Audio mixer hard coded sample rate causes voice warping

After adding background typing sounds we noticed an increase in voice warping during the initial phase of a call. We pinpointed it to the frame rate negotiation between the TTS audio from the AI provider and the background audio. The background audio mixer is hardcoded to 48khz with no option to override it. The TTS provider does not support 48khz so the reframing is needed.

Is there a way to modify the audiomixer implementation and the preloaded audio samples to adjust to the sample rate of the AI provider to avoid this issue?

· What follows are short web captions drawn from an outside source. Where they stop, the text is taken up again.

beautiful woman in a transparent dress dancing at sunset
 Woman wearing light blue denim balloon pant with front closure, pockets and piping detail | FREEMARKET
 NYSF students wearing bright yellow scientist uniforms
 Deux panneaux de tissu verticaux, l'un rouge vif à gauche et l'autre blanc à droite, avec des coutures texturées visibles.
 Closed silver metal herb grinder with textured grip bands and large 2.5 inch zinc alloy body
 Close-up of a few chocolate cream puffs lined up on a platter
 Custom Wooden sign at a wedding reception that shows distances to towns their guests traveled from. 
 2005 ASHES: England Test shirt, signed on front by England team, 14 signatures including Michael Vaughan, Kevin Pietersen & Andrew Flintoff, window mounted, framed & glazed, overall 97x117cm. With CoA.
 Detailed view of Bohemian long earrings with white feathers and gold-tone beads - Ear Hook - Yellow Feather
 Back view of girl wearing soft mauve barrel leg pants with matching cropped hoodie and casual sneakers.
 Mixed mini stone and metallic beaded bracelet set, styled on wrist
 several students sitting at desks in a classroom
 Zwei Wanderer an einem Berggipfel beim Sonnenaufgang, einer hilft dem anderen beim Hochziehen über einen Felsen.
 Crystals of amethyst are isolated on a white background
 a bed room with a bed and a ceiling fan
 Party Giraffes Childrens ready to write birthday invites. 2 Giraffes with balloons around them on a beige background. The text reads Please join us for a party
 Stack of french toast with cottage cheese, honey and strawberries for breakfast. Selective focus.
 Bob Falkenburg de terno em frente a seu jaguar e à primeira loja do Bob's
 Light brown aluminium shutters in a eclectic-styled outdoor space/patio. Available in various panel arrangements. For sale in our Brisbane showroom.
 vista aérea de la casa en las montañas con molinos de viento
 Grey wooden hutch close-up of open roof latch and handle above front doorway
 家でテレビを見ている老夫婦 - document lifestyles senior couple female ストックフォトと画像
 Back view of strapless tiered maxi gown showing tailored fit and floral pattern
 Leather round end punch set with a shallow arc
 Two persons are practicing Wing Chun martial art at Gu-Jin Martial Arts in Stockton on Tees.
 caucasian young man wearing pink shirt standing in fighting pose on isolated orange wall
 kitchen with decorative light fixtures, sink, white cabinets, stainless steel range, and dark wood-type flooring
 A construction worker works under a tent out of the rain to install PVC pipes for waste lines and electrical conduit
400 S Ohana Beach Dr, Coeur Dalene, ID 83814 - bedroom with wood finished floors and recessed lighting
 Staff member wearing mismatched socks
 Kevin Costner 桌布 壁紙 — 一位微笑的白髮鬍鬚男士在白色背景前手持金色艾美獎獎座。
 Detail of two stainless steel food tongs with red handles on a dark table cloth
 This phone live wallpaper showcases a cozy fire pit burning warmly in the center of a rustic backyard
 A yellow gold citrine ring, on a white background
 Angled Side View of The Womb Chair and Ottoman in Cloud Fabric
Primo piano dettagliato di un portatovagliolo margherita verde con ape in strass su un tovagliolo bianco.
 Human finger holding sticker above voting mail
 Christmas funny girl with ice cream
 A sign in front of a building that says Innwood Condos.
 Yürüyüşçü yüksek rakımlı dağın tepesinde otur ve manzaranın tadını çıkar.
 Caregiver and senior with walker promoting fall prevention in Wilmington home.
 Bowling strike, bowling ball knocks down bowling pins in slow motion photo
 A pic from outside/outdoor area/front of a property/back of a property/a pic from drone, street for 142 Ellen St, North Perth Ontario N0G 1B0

This also only occurs on resource constrained machines (cloud) our local development (on macbooks) does not suffer from this.

The source audio and what is actually published is not necessarily the same. It gets resampled. Why is the causing an issue for you?

Because it results in audio distortion. I uploaded 2 fragments where this happened, but we have quite a few where this is the case

What am I listening for in those two files?

The distorted “hey Sam” in the first few seconds of each fragment.
This started showing up since we added background audio

What version of LikveKIt libraries are you running, what TTS, STT, and LLM are you using?

It would be helpful if you could take this example

and make an example I can run that will reproduce the issue along with any steps I need to reproduce it.

I just tried to set this up and reproduce but I was not seeing the slured speech like you are.

Can you please share you setup and reproducible steps?